AllHipHop: Talk about the epic Jay-Z and Big L freestyle on your show.

Bobbito: Type up Big L and Jay Z, it’s a 10-minute freestyle that happened in 1995, February 25th to be exact. It’s perhaps the most legendary live moment in hip-hop history, which happened on our radio show.

AllHipHop: Big L hadn’t made any noise just yet. He was bubbling on the underground. Jay Z at the time only had a 12-inch deal. No deal and no distribution on his album.

Stretch: He came up because Big L saw him.

Bobbito: This moment was immortalized in our film Stretch And Bobbito Radio Changed Lives but if you go on YouTube and just type in Big L Jay Z, that recording is up to 10 million views. It’s a monumental moment. A lot of young people know the verses by heart, but don’t even know it was on me and Stretch’s show. Our radio show’s 30th anniversary is this October. We’ve been creating a cappella versions of a lot of freestyles from our show. We’ll be remixing them, putting new music underneath it with our band the M19s. I don’t want to tell you too much yet, that’s to come.

AllHipHop: What side projects are you individually working on?

Bobbito: I’m a filmmaker. I’ve directed three documentaries. My last one was Rock Rubber 45s, I also directed Stretch And Bobbito: Radio Changed Lives. We have the band. We’re deejaying around the world at events and clubs. I published a book on sneaker culture titled Where’d You Get Those? Stretch published a book on flyers of the 1990s called No Sleep: NYC Nightlife Flyers 1988-1999.Stretch: I took my explanatory title from Bob. [chuckles]

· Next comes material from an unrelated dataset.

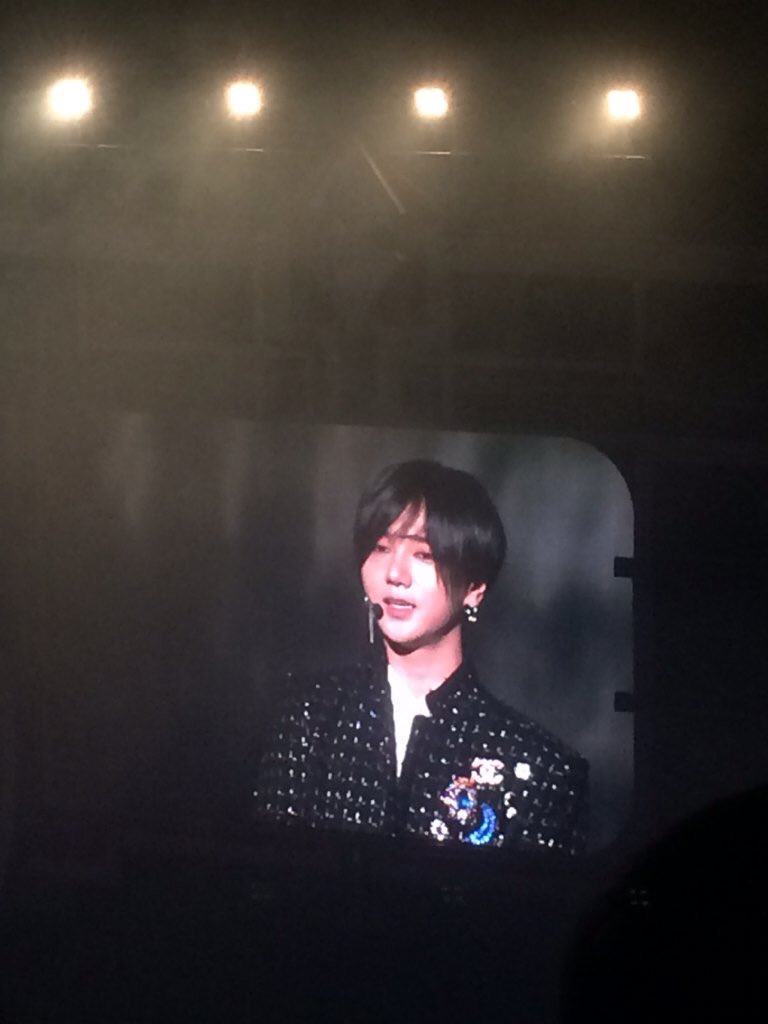 SJF_Siwonest's tweet photo. 171215 #SUPERSHOW7 #SS7inSeoulDay1 Yesung &amp; Siwon https://t.co/GzyekACJPJ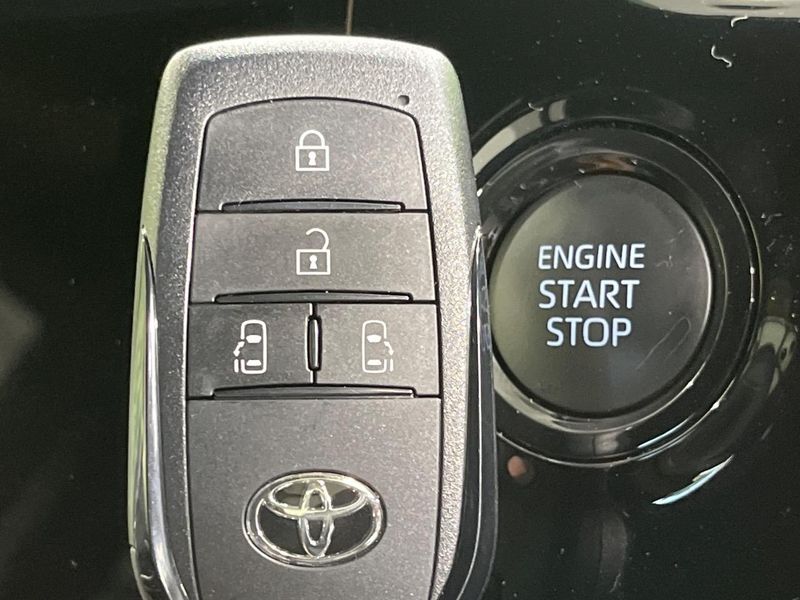 2024 Toyota Noah 6BA-MZRA95W (UW-6a71599992f86)[14]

Bobbito: We both had really long titles for our books. We both do a lot. Right now, our main priority is No Requests debut album which is available on all digital platforms. We also have CDs and merchandise. We have a 7-inch box set and a 12-inch vinyl album coming out with Fat Beats. We sold out at the Kennedy Center for our debut show. We did a show in New York, we have a bunch of shows coming up in various cities. We’re going to stay busy.

AllHipHop: How do you guys get along? 30 years is a long time to work together.

Stretch: We’ve been going from 1990 to present. It’s been a strong ride… a lot of holding hands.

Bobbito: [laughs] We are about as tight as you can imagine. Stretch is an amazing uncle to my son and a lot of people don’t know that. We’re family. We’re lifelong friends.